On September 14, 2023, the U.S. Department of the Treasury held the annual Committee on Foreign Investment in the United States (“CFIUS”) Conference in Washington, DC. The interagency Committee is tasked with reviewing certain transactions involving foreign investment in the United States and certain real estate transactions by foreign persons to determine the effect of such transactions on U.S. national security. The forum aimed to facilitate dialogue on foreign investment and national security between U.S. Government representatives and stakeholders. Here are five key takeaways:
Balancing Economic Growth and National Security
In her keynote address, Secretary of the Treasury Janet Yellen underscored the importance of an "open investment climate" in the U.S., balanced against the imperatives of national security. CFIUS reviewed 440 transactions in FY 2022, striving to mitigate national security risks while maintaining a favorable investment environment.
Emphasis on Enforcement and Penalties
Assistant Secretary of the Treasury for Investment Security Paul Rosen’s keynote speech emphasized CFIUS’s renewed focus on robust enforcement in cases of non-compliance. With reference to the first-ever CFIUS Enforcement and Penalty Guidelines issued late last year, Assistant Secretary Rosen explained that CFIUS has taken and will continue to take enforcement actions – including civil monetary penalties, remediation plans, and warning letters – to hold transaction parties accountable for violations of CFIUS’s statute – the Defense Production Act – and its implementing regulations. “Violations can occur when companies fail to file mandatory declarations or comply with mitigation agreements, orders, or other conditions,” said Assistant Secretary Rosen. Prior to 2023, CFIUS had only issued two civil monetary penalties. According to Assistant Secretary Rosen, CFIUS has already issued two civil monetary penalties in 2023 and is “on track to have more civil monetary penalties issued this year than we have in our entire history.”
Utilization of Third-Party Monitors and Auditors
Assistant Secretary Rosen spoke about CFIUS’s utilization of, and increasing reliance on, third-party monitors and auditors in some mitigation agreements, especially in connection with complex transactions. Recognizing the “burden that such oversight can impose on parties,” Assistant Secretary Rosen explained that CFIUS “make[s] every effort to deploy [the imposition of monitors] only when necessary to protect national security.” CFIUS has also taken steps to improve its process for utilizing third-party providers, including expanding the pool of monitor and auditor firms working in the CFIUS space and refining the Committee’s own processes for vetting, selecting, and, where appropriate, replacing third-party monitors and auditors.

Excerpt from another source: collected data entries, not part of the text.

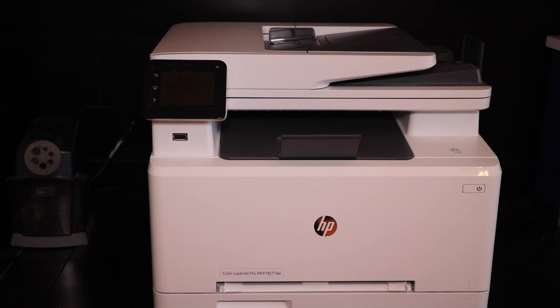Hey guys, what's up? It's Zach here, and if you've been following any of my videos recently, you will know that I recently reviewed the HP M277-DW, which is what I currently have right here. I've had it since the end of October of 2015.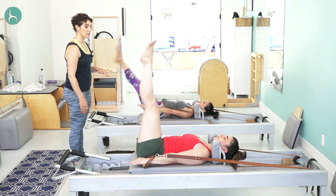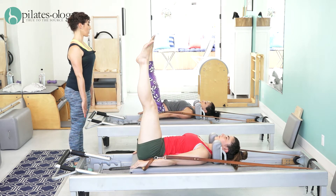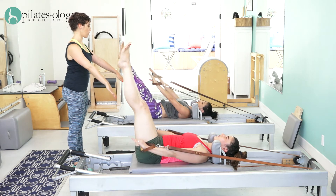Arms to the mat, legs only to 90 degrees. And now stretch the arms against the mat more, more, and then reach forward and lower the legs as you bring the arms up.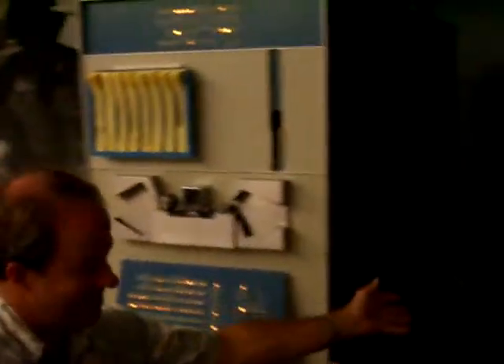They'd install it, and the technicians would turn it on and turn it into Spacewar. If it came off, they knew they'd installed it correctly. And they'd say to the customer, 'Look, it works!'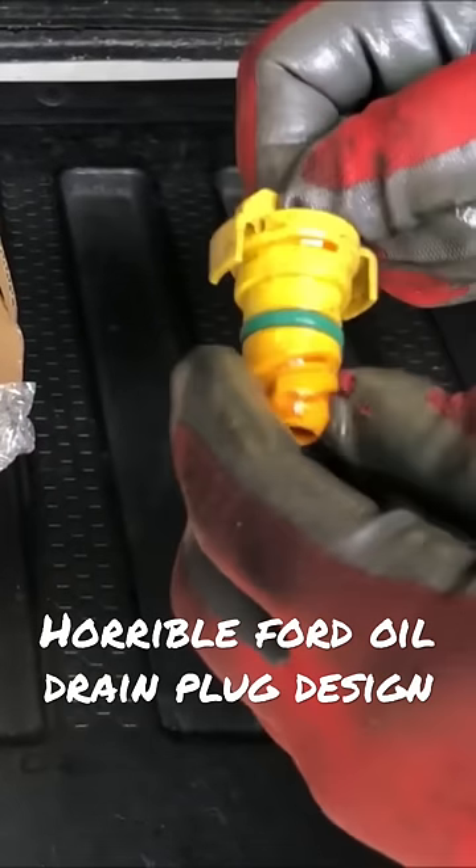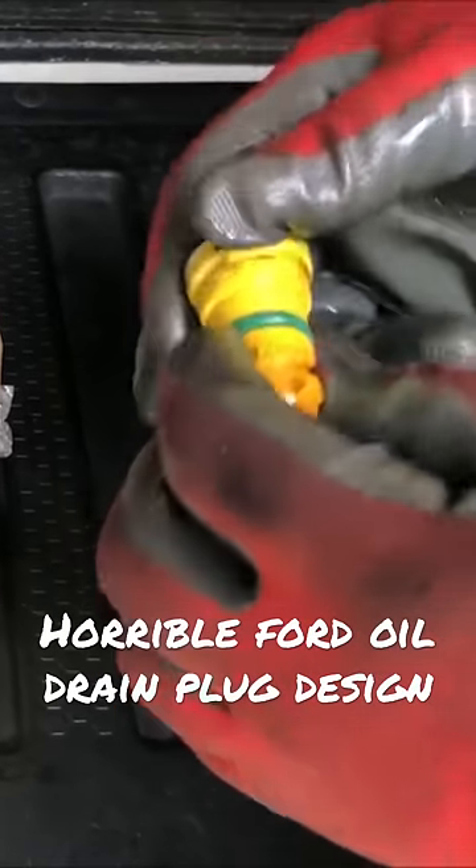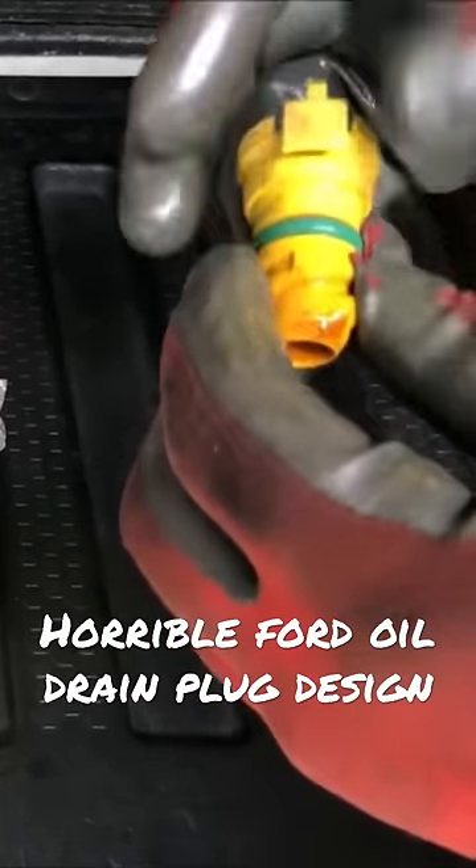Here's the stock forward plug — you can see it's as big as my thumb. But you have to take it out, and that opening just creates a massive flood of oil coming out of the engine.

Focus on Non-Notified Transactions
Though most CFIUS filings are voluntary, some transactions mandate filing. CFIUS is intensifying its efforts to identify and scrutinize "non-notified transactions" that fall under its jurisdiction but haven't been voluntarily declared. Assistant Secretary Rosen announced that the Committee is adding resources “to detect and bring in non-notified transactions,” signaling CFIUS’s commitment to pursuing failure to file cases.
Previewing Future Regulatory Changes
Both Secretary Yellen and Assistant Secretary Rosen highlighted anticipated changes to the CFIUS regulations as well as changes to other legal and regulatory regimes that complement CFIUS’s mission. Assistant Secretary Rosen noted that he expects “that Treasury will be issuing one or more notices of proposed rulemaking” over the course of the next year to amend the CFIUS regulations. Specifically, the changes aim to enhance efficiency, update penalty and enforcement authorities, and improve tools for dealing with non-notified transactions.